Actually Novak DIDN’T attribute his account to “two senior administration officials,” but that’s beside the point for the moment. Novak also expressly said that “(n)obody in the Bush administration called me to leak this” which doesn’t fit with the account of the WAPO’s anonymous source.
Given all of this, isn’t just a wee bit early to start making wild charges about the White House breaking the law on little more than the word of anonymous source who already looks to have been wrong about part of the information he gave?
***Update***: The WAPO now has a second anonymous source that is pointing the finger at the White House…
Another journalist yesterday confirmed receiving a call from an administration official providing the same information about Wilson’s wife before the Novak column appeared on July 14 in The Post and other newspapers.
The journalist, who asked not to be identified because of possible legal ramifications, said that the information was provided as part of an effort to discredit Wilson, but that the CIA information was not treated as especially sensitive. “The official I spoke with thought this was a part of Wilson’s story that wasn’t known and cast doubt on his whole mission,” the person said, declining to identify the official he spoke with. “They thought Wilson was having a good ride and this was part of Wilson’s story.”
If this is true — and I do mean to say “if” given that this is another anonymous source — whoever leaked this in the White House is toast. If this reporter will leak it to the Washington Post, they’ll probably talk about it to the DOJ as well.
***Update #2*** However, some of the details given in the anon’s account (“the CIA information was not treated as especially sensitive”) could help avoid a trip to prison for whoever did this if it ever gets that far according to this WAPO story.
“The law enacted to stop Agee and others imposes maximum penalties of 10 years in prison and $50,000 in fines for the unauthorized disclosure of covert agents’ identities by government employees who have access to classified information.
The statute includes three other elements necessary to obtain a conviction: that the disclosure was intentional, the accused knew the person being identified was a covert agent and the accused also knew that “the United States is taking affirmative measures to conceal such covert agent’s intelligence relationship to the United States.”
The law says no person other than the one accused of leaking the information can be prosecuted, a provision that would protect journalists who report leaked classified information identifying a covert agent.
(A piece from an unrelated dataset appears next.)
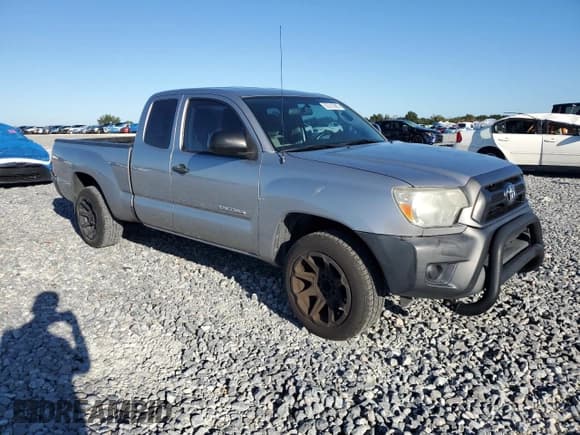 ✅ 2015 Toyota Tacoma • VIN: 5TFTX4CN6FX065605 • Lot: 82310385. Wystawiony na Copart z przebiegiem 147 445 mil. Bezpłatny archiwum sprzedaży aukcyjnych z USA i szczegółowy raport historii pojazdu na DreamBid. Zdjęcie 4.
But there is one exception to that protection.
The measure says people who engage in a “pattern of activities” intended to identify covert agents and who have “reason to believe that such activities would impair or impede the foreign intelligence activities of the United States” can be prosecuted. Smith said that language was aimed at the publishers of the Covert Action Information Bulletin and others who made it a practice to identify undercover CIA agents.”
It seems to me that whoever leaked this information, in the Bush administration or otherwise, probably wouldn’t meet this part of the standard…
“The measure says people who engage in a “pattern of activities” intended to identify covert agents and who have “reason to believe that such activities would impair or impede the foreign intelligence activities of the United States” can be prosecuted.”.
Pulling a pattern of activities out of this, given what we know so far, seems to be a bit of a stretch. But I’m sure the lawyers will haggle that out before this is all over if they ever pin it on someone…
***Update #3***: Novak has now definitively sourced it to a Bush official, although it certainly doesn’t appear to be the sort of malicious leak it’s being portrayed as…
“‘It Was An Offhand Revelation From This Official, Who Is No Partisan Gunslinger. When I Called Another Official For Confirmation, He Said: “Oh, You Know About It.”